Akhirnya pencarian difokuskan di sebuah rumah di Gang Sidareja. Rumah itu berukuran kecil. Rumahnya memang sangat pas dijadikan tempat sembunyi. Letaknya di ujung gang. Persisnya ada di tepi sebuah sungai dekat sebuah kuburan. Jika buronan yang dicari berhasil selamat hingga ke sungai, alamat ia akan lolos. Bentang alam yang gelap serta penuh dengan alang-alang memudahkan siapa pun bakal lolos dari pengintaian dan kejaran. Itulah sebabnya rumah itu dikepung rapat-rapat. Saking rapatnya, hampir dipastikan mustahil keluar dari rumah incaran tanpa diketahui.
Rumah itu milik seorang perempuan tua bernama Mbok Harjo. Selain Mbok Harjo, tinggal pula sepasang suami istri yang sengaja mengontrak. Si suami bernama Kasim. Tak jelas benar sepasang suami istri ini berasal dari mana dan dalam keperluan apa mengontrak rumah kecil di pjokkan gang yang terpencil itu.
Penggeledahan pun dilakukan. Rumah itu diperiksa dengan detail sedetail-detailnya.
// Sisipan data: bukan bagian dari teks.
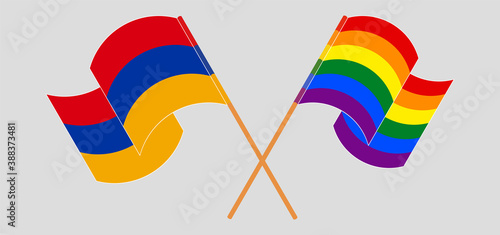 Crossed flags of Armenia and LGBTQ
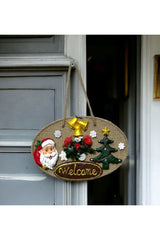 Welcome Printed Santa Claus Handmade Christmas Door Ornament - TryAladdin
Tak ada sedepa pun yang terlewat. Semua ruangan, kolong tempat tidur, lemari pakaian, hingga lemari makan dibongkar. Tapi buronan tak juga ditemukan.
Mustahil! Tentara yakin betul tak mungkin buronan tak ditemukan sebab pengintaian terhadpa rumah Mbok Harjo sudah dilakukan cukup lama. Sejumlah intel ditempatkan di Gang Sidaredja. Ada yang menyamar sebagai penjual es putar. Ada yang menyaru sebagai tukang gorengan. Hasilnya: buronan dipastikan ada di rumah Mbok Harjo. Informasi yang diberikan Brigif 4 yang melakukan pengintaian diyakini tak mungkin meleset. Kecurigaan makin membesar ketika dalam penggeledahan itu ditemukan tiga benda mencurigakan: tas ransel, kacamata, dan radio.
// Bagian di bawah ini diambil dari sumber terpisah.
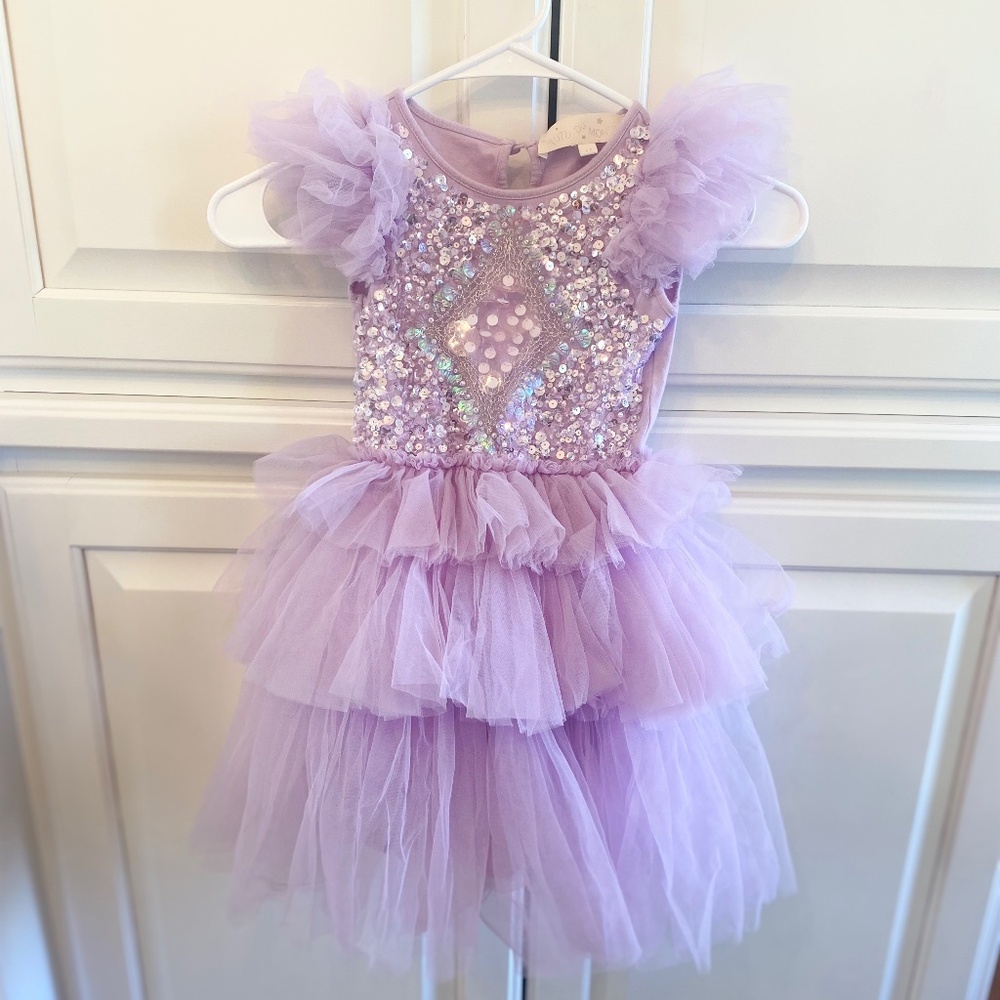 Tutu Du Monde Girls Tiered Tutu Dress in Lilac Thistle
Akhirnya pencarian dimulai kembali. Langkah pertama adalah menginterogasi habis-habisan Pak Kasim yang telah berkumpul bersama semua lelaki Kampung Sambeng. Lewat mulut Pak Kasim itulah diketahui ada sebuah kamar rahasia di rumah Mbok Hardjo. Kamar itu tak mungkin terdeteksi oleh siapa pun yang memasuki salah satu dari dua kamar utama sebab kamar rahasia terletak di antara dua kamar utama. Pintu masuknya pun bukan di salah satu kamar utama itu melainkan melalui ruang makan. Persisnya dari sebuah lemari makan. Tetapi hanya dengan membuka pintu lemari makan pintu masuk kamar rahasia itu tetap tak akan kelihatan. Pintu masuk baru terlihat jika lemari makan itu digeser.
Berdasar informasi itulah penggeledehan dilakukan kembali. Ternyata betul: di balik lemari makan ada pintu rahasia yang menghubungkan ruang makan dengan sebuah kamar persegi panjang yang ukup sempit namun masih mencukupi untuk sekadar duduk dan merebahkan badan.
Setelah didobrak dari luar dan kamar itu terbuka, seorang lelaki berusia 40-an dengan paras lusuh dan pucat kedapatan sedang duduk meringkuk memeluk lutu. Percarian pun berakhir.Di malam 21 November 1965, Kolonel Jazir Hadibroto lega bukan kepalang. Malam itu akan menjadi pengepungan terakhir. Tunai sudah ia punya tugas. Segera ia kirim kawat kepada atasannya. Isinya: Dipa Nusantara Aidit tertangkap!